Sex Differentials in Rates of Birth and Infant Mortality in India
India has made tremendous progress since 1990. GDP per capita has increased by 4 times, adult literacy rate has increased by 1.5 times, life expectancy at birth has increased by 12 years with women’s now exceeding men’s, maternal mortality rate has decreased by 2.5 times, neonatal and infant and child mortality rates have all decreased by 3-4 times, gender inequality index has improved, and human development index has improved. Moreover, these have all improved steadily, almost every year.
What would you expect about sex ratio at birth in India?
I expected the following:
It would have improved across the whole country.
It would be worse in the north than in the south.
It would be worse in rural areas than in urban areas.
The law banning prenatal sex determination, which was passed almost 30 years ago, would have helped with the known problem of selective abortion of female fetuses.
I had also assumed these to be true and touted them as facts to multiple people, including twice in the last two years. Recently, when I tried to confirm this, I learnt the opposite:
Sex ratio at birth has gotten worse across the whole country.
It is better in the south than in the north, but neither is it better in every southern state nor is it good in absolute terms.
It is worse in urban areas than in rural areas.
The impact of the law has been mild.
I also looked into a few adjacent topics and learnt a couple more surprising things:
Infant mortality rate is worse for girls than boys.
Sex ratio for the population as a whole has improved.
I found what I read counterintuitive, and was in sufficient disbelief to look for some original sources. In the rest of this article I lay out what I learnt in detail using data for the last decade. Scroll down to the bottom for links to all media and data.
Sex Ratio at Birth (SRB)
In an ideal state of equilibrium, we might expect an equal number of boys and girls being born.
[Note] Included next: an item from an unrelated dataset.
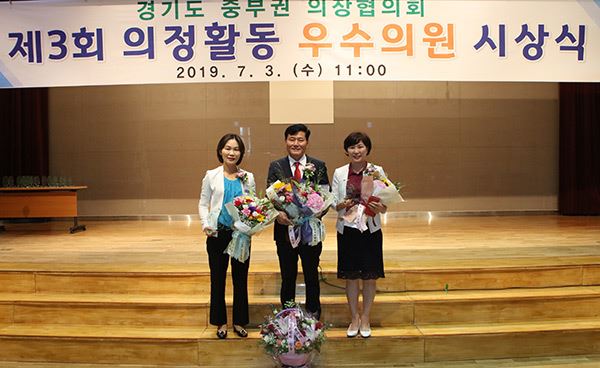 이은희·최병일·정완기 의원 제3회 의정활동 우수의원 수상 / 사진=안양시의회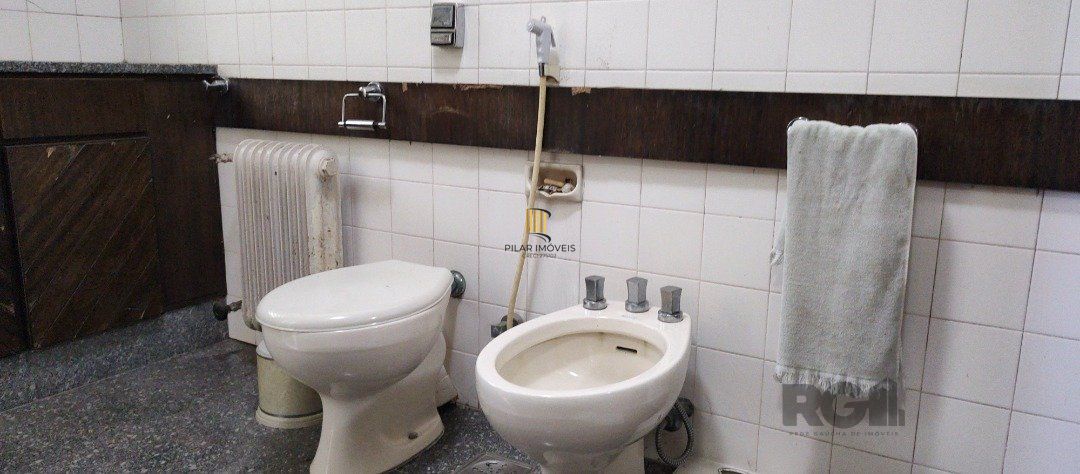 Casa com 4 quartos, suite, piscina, amplo terreno - Bairro Sétimo Céu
An evolutionary model called Fisher's principle explains this in an intuitive way. But due to various factors, slightly more boys than girls are born almost everywhere in the world. The exact number varies, but it is typically around 105 boys per 100 girls. There are just two outliers: East Asia, mainly China; and South Asia, mainly India. Could they have made a mistake about India, or had bad data?
The chart above shows the SRB in India according to three independent sources.
Chao et al is an academic model that uses a number of factors to estimate the SRB in all countries of the world.
The World Bank uses sampling data to estimate SRB in all countries. It uses a five-year moving average to smooth out sampling fluctuations. Strangely, the recent data looks like a straight line for many countries I looked at, and not just for India.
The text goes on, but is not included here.